Scraped caption text data:
****************************************
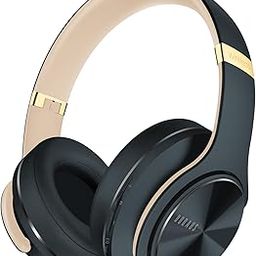 DOQAUS Bluetooth Headphones Wireless, 52 Hrs Playtime Headphones Over Ear with 3 EQ Modes, HiFi Stereo Headsets with Built-in Mic and Soft Protein Earpads for iPhone, PC,Home Office (Shadow Gray)-image-29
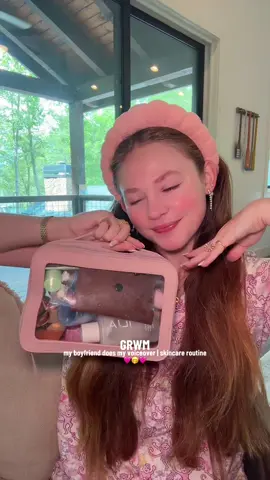A post by @kaitlynj101 on TikTok caption: apparently i just love lotion😭😅🩷proud he got the sunscreen right tho! he knows i never leave without my sunscreen🤭🩷#bfvoiceover #boyfriend #voiceover #grwm #morningroutine #Vlog #relationship #funny #relatable #SkinCare #aesthetic #asmr #postgrad #travel #summer #trending #viral #foryou #fyp 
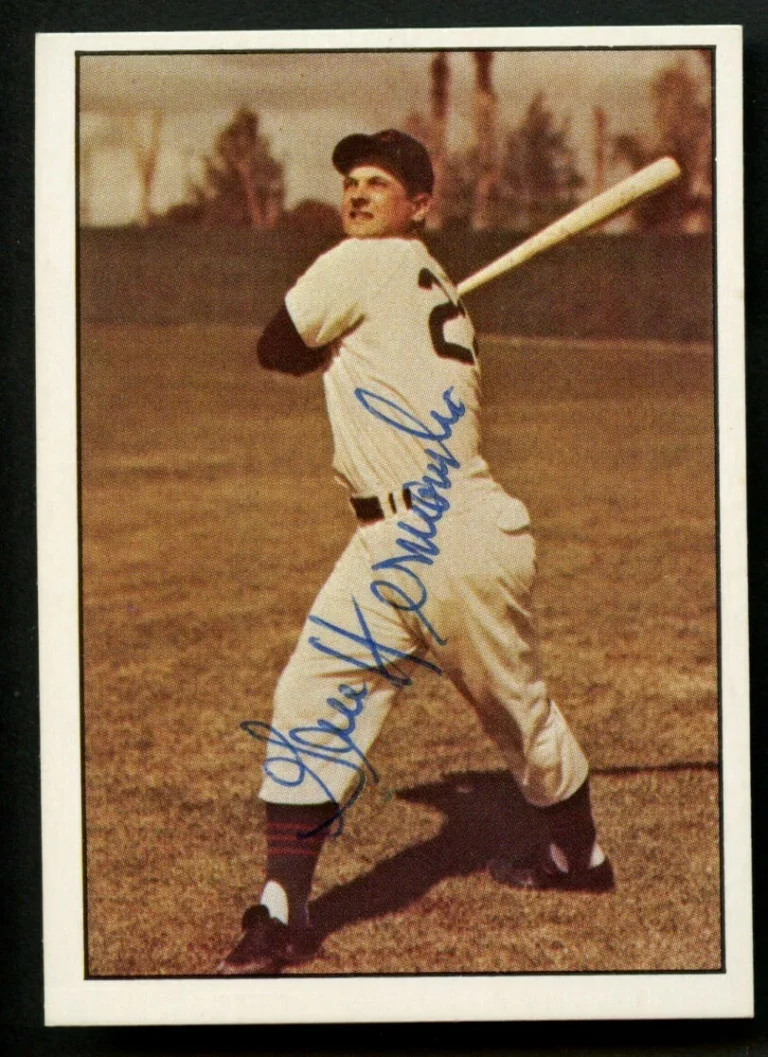 Gene Hermanski #165 signed autograph auto 1979 TCMA Baseball History Series Card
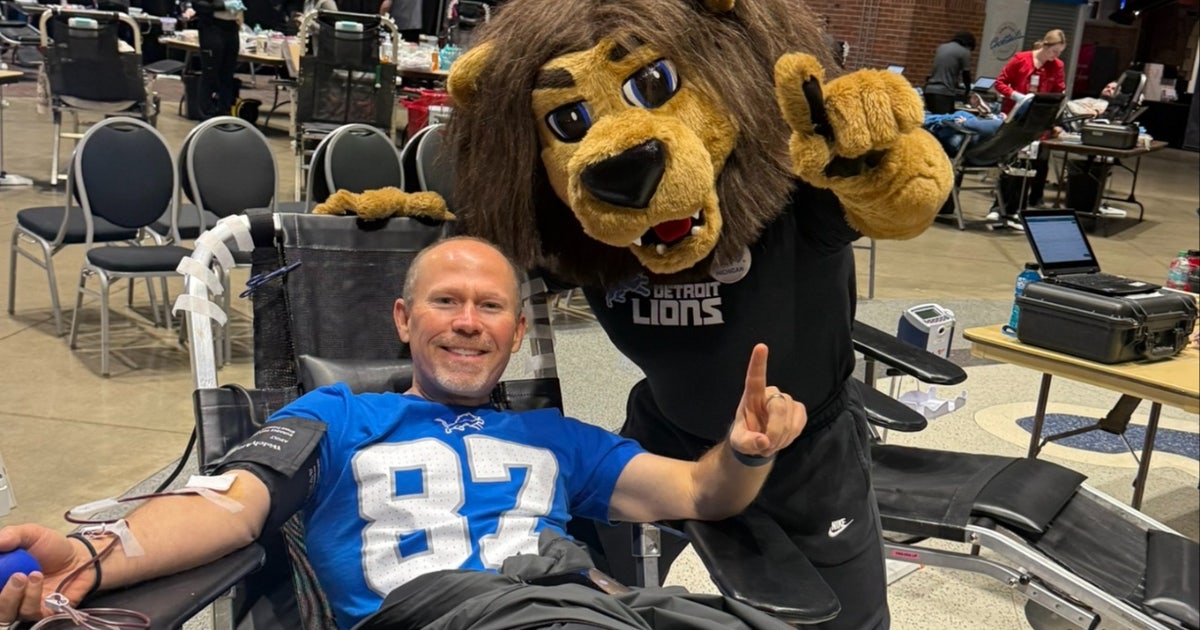 Michigan patients need blood donors. Lions fans can help answer the call.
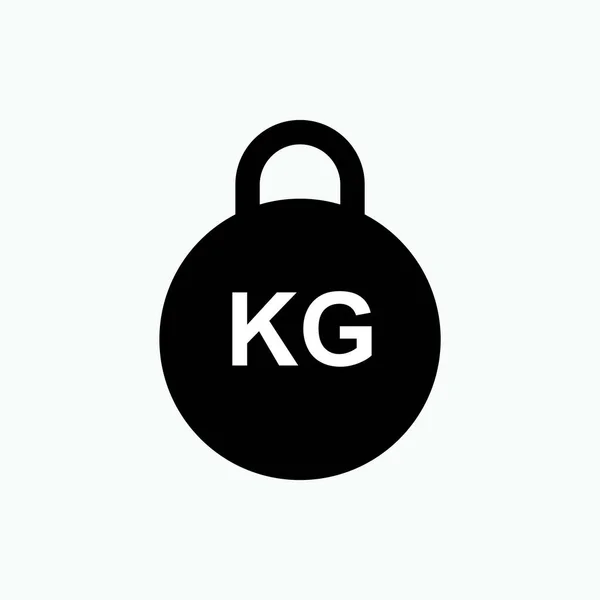 Kettlebells Icon Símbolo Equipo Peso Gimnasio Para Elementos Diseño Presentación — Archivo Imágenes Vectoriales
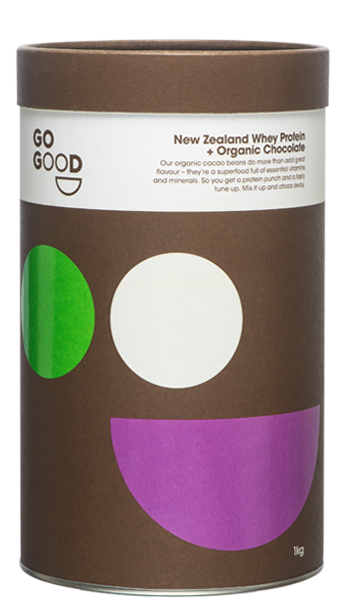 Go Good Organic Chocolate Whey Protein Powder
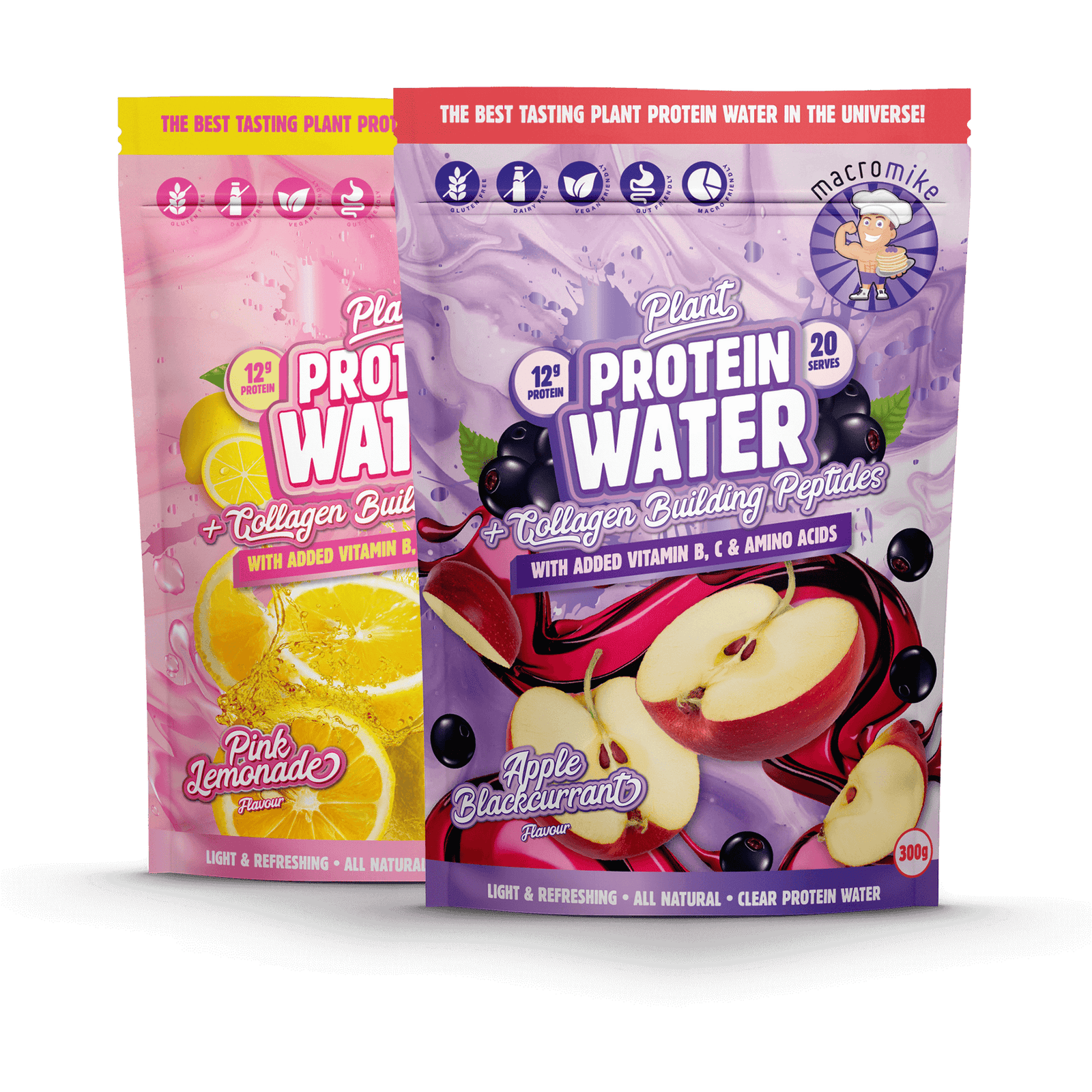Plant Protein Water // Protein Water + Collagen Macro Mike NTS Newtown Supplement Store Sydney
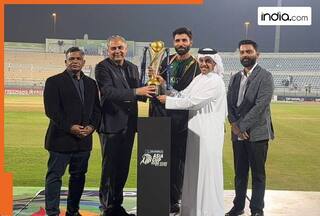 Watch: Mohsin Naqvi's reaction as he presents the Asia Cup Rising Stars Trophy to Pakistan Shaheens, video goes viral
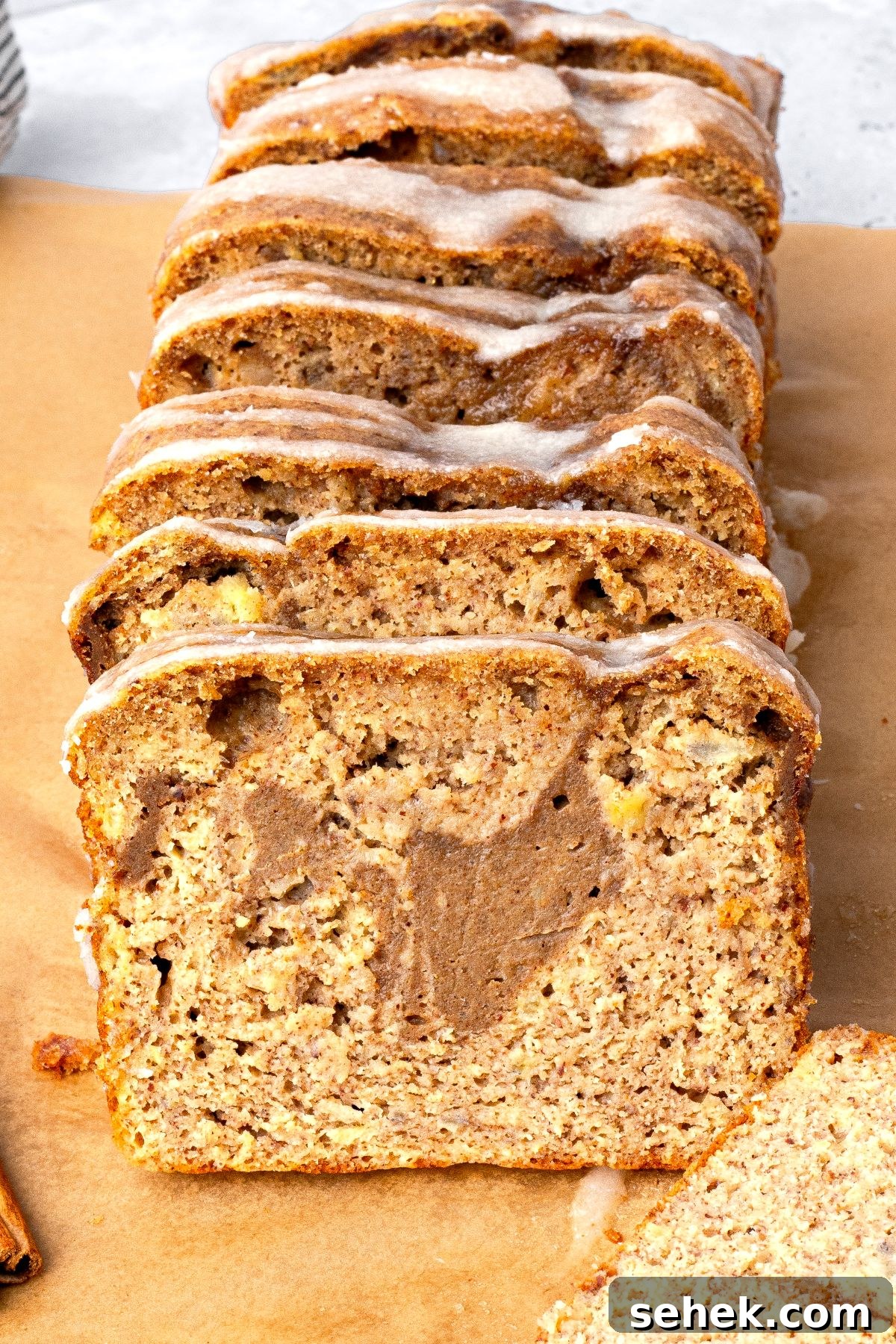 21 High-Protein Snack Ideas for Kids on Sports Teams 19 Flourless Cinnamon Swirl Banana Bread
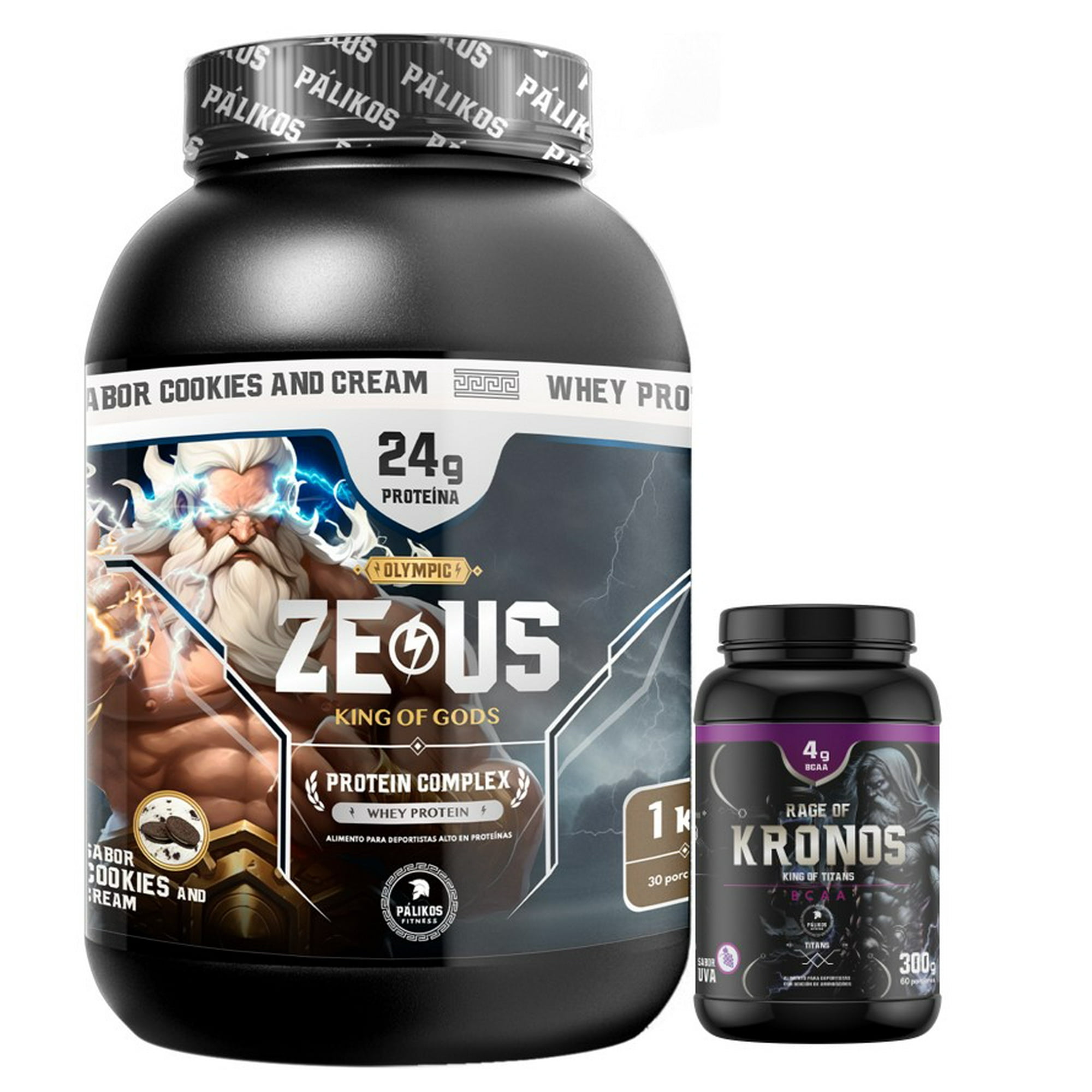 Proteina Zeus Complex 1Kg Cookies And Creams + Kronos 300G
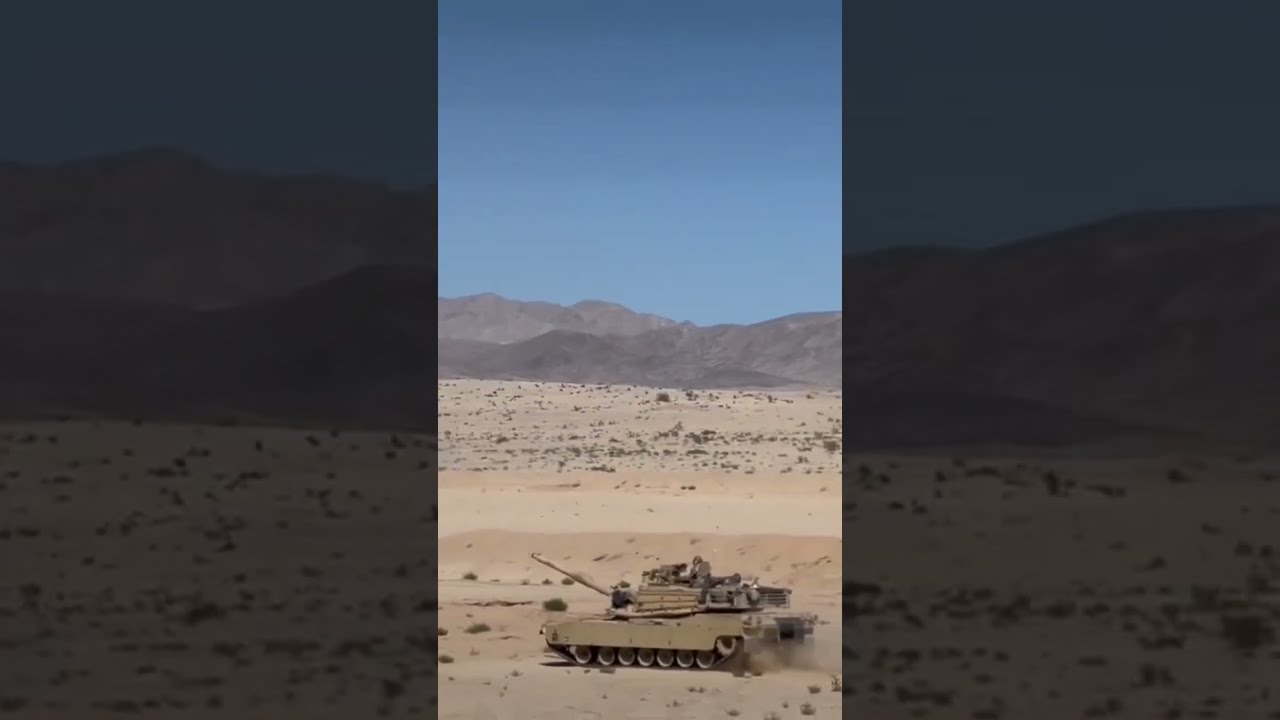 M1A2 Abrams DESERT OPS!!#shorts #viral #subscribe #military #army #tank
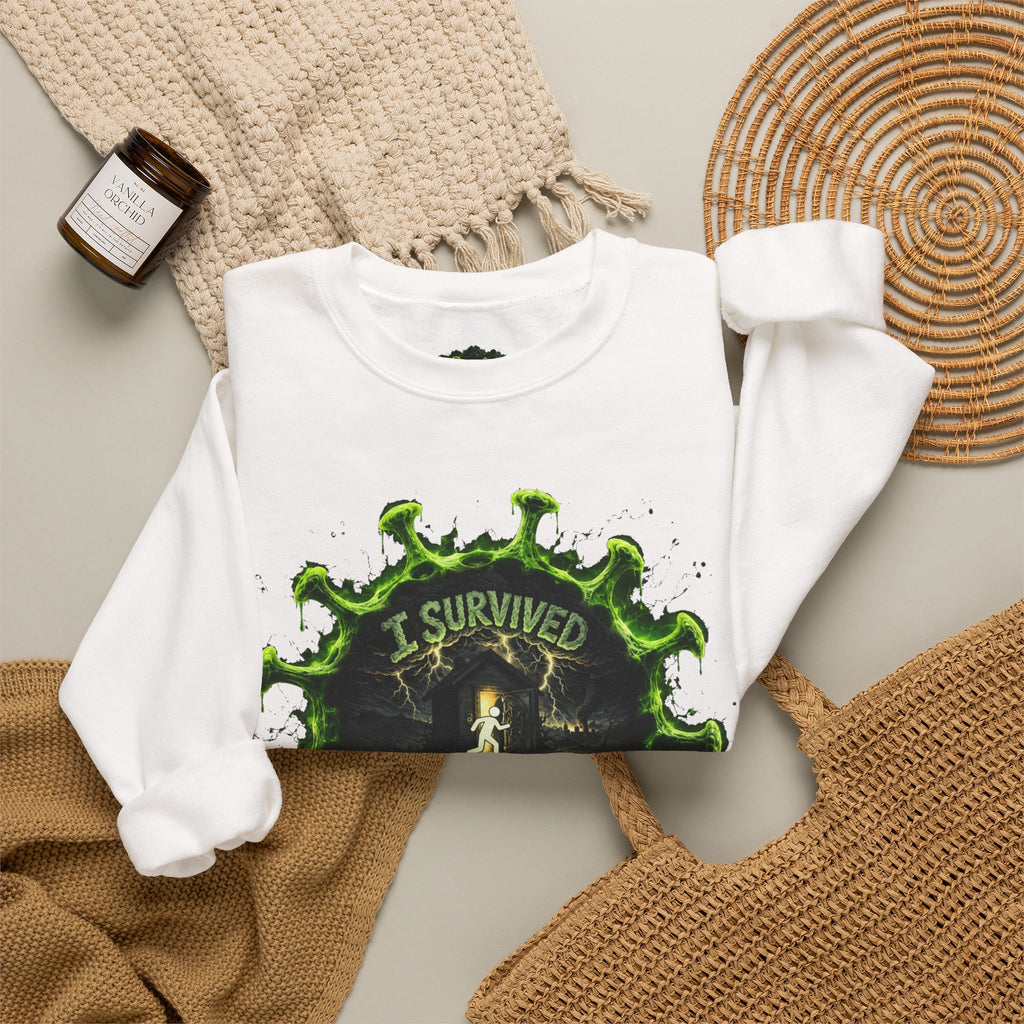 I Survived 2020 — Director's Cut S1:E1 "COVID-19: The Coronavirus" | Pandemic Edition Unisex Heavy Blend™ Crewneck Sweatshirt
****************************************
All of the records need to be restated word for word, but not the pictures.

 DOQAUS Bluetooth Headphones Wireless, 52 Hrs Playtime Headphones Over Ear with 3 EQ Modes, HiFi Stereo Headsets with Built-in Mic and Soft Protein Earpads for iPhone, PC,Home Office (Shadow Gray)-image-29
A post by @kaitlynj101 on TikTok caption: apparently i just love lotion😭😅🩷proud he got the sunscreen right tho! he knows i never leave without my sunscreen🤭🩷#bfvoiceover #boyfriend #voiceover #grwm #morningroutine #Vlog #relationship #funny #relatable #SkinCare #aesthetic #asmr #postgrad #travel #summer #trending #viral #foryou #fyp 
 Gene Hermanski #165 signed autograph auto 1979 TCMA Baseball History Series Card
 Michigan patients need blood donors. Lions fans can help answer the call.
 Kettlebells Icon Símbolo Equipo Peso Gimnasio Para Elementos Diseño Presentación — Archivo Imágenes Vectoriales
 Go Good Organic Chocolate Whey Protein Powder
Plant Protein Water // Protein Water + Collagen Macro Mike NTS Newtown Supplement Store Sydney
 Watch: Mohsin Naqvi's reaction as he presents the Asia Cup Rising Stars Trophy to Pakistan Shaheens, video goes viral
 21 High-Protein Snack Ideas for Kids on Sports Teams 19 Flourless Cinnamon Swirl Banana Bread
 Proteina Zeus Complex 1Kg Cookies And Creams + Kronos 300G
 M1A2 Abrams DESERT OPS!!#shorts #viral #subscribe #military #army #tank
 I Survived 2020 — Director's Cut S1:E1 "COVID-19: The Coronavirus" | Pandemic Edition Unisex Heavy Blend™ Crewneck Sweatshirt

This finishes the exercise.